11.2 Similarity Measures
- Context: Similarity measures are used to compare objects/entities; slide provides a visual example (text alternative available).
- Example plot (from slide): x-axis ranges 0–12, y-axis ranges 0–6, with three plotted points at
(3,4),
(4,5),
(10,1) - Note: The slide emphasizes visual representation of similarity measures; no explicit formulas provided in transcript.
- Data partitioning (core idea):
- Purpose: Assess predictive performance on unseen data and guard against overfitting.
- Two-way random partitioning: create a training set and a validation set (commonly used splits: 60/40 or 70/30).
- Rationale for random partitioning: avoid bias in training/validation split selection.
- Training set: used to train the data mining model; contains a larger portion of data; aims to learn relationships between predictors and the target variable.
- Validation set: used to provide an unbiased assessment of predictive performance; compare predicted vs actual target values; helps fine-tune and compare models.
- Common performance purpose of the validation set: identify the optimal model and provide unbiased evaluation.
- Three-way random partitioning (supervised data mining):
- Adds a test set in addition to training and validation.
- Test set: not involved in either model building or model selection; used to evaluate how well the final model would perform on new data.
- Typically implemented with the holdout method rather than k-fold cross-validation.
- Cross-validation vs holdout:
- Holdout methods (two-way or three-way) partition the data once.
- k-fold cross-validation partitions the data into k subsets and rotates the validation set across folds to obtain more robust estimates.
- Handling rare target classes (oversampling):
- Problem: models may ignore rare target classes if overall accuracy is high due to majority class.
- Oversampling approach: oversample the rare class in the training data to overweight it relative to other classes.
- Important constraints:
- Only the training set is oversampled; the validation and test sets retain the original class distribution.
- Objective: produce models that are more useful for predicting all target classes, not just the majority class.
- Overfitting and model complexity:
- Overfitting: a model that fits in-sample data too closely, including noise, leading to poor generalization to new observations.
- As model complexity increases, training error typically decreases, but validation error decreases initially and then rises after a point.
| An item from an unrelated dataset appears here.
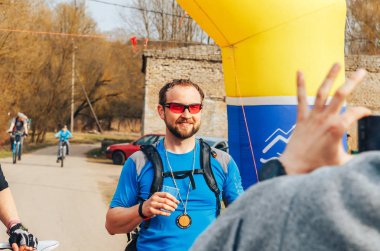 15 Nisan 2018 - Krevo, Beyaz Rusya: Beetle Trail Krevo, bardak su ayakta şişme arch yakınındaki adamla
- The rise in validation error beyond the optimal point signals overfitting.
- The concept of an optimal model complexity is often identified via validation performance.
- Detecting overfitting with partitioning and cross-validation:
- Use training data to fit models and validation data to monitor generalization performance.
- A model that performs well on training data but poorly on validation data is overfitting.
- Performance measures and evaluation framework:
- Performance measures derived from a confusion matrix (see next sub-section).
- These measures help compare competing models and guide model tuning.
- Confusion matrix (classification outcomes):
- Structure (assuming class 1 is the target/success):
- True positives (TP): class 1 correctly classified as class 1
- True negatives (TN): class 0 correctly classified as class 0
- False positives (FP): class 0 incorrectly classified as class 1
- False negatives (FN): class 1 incorrectly classified as class 0
- The confusion matrix is the basis for most classification performance metrics.
- Baseline / naïve rule:
- A common baseline is to compare model performance against a naive rule that always assigns the most predominant class.
- This helps quantify the value added by the model.
- FashionTech example (confusion matrix and interpretations):
- Given:
- TP = 30, FN = 18, FP = 19, TN = 133 (Total N = 200)
- Calculations:
- Accuracy: ext{Accuracy} = rac{TP + TN}{N} = rac{30 + 133}{200} = rac{163}{200} = 0.815 \, (81.5 ext{ }\%)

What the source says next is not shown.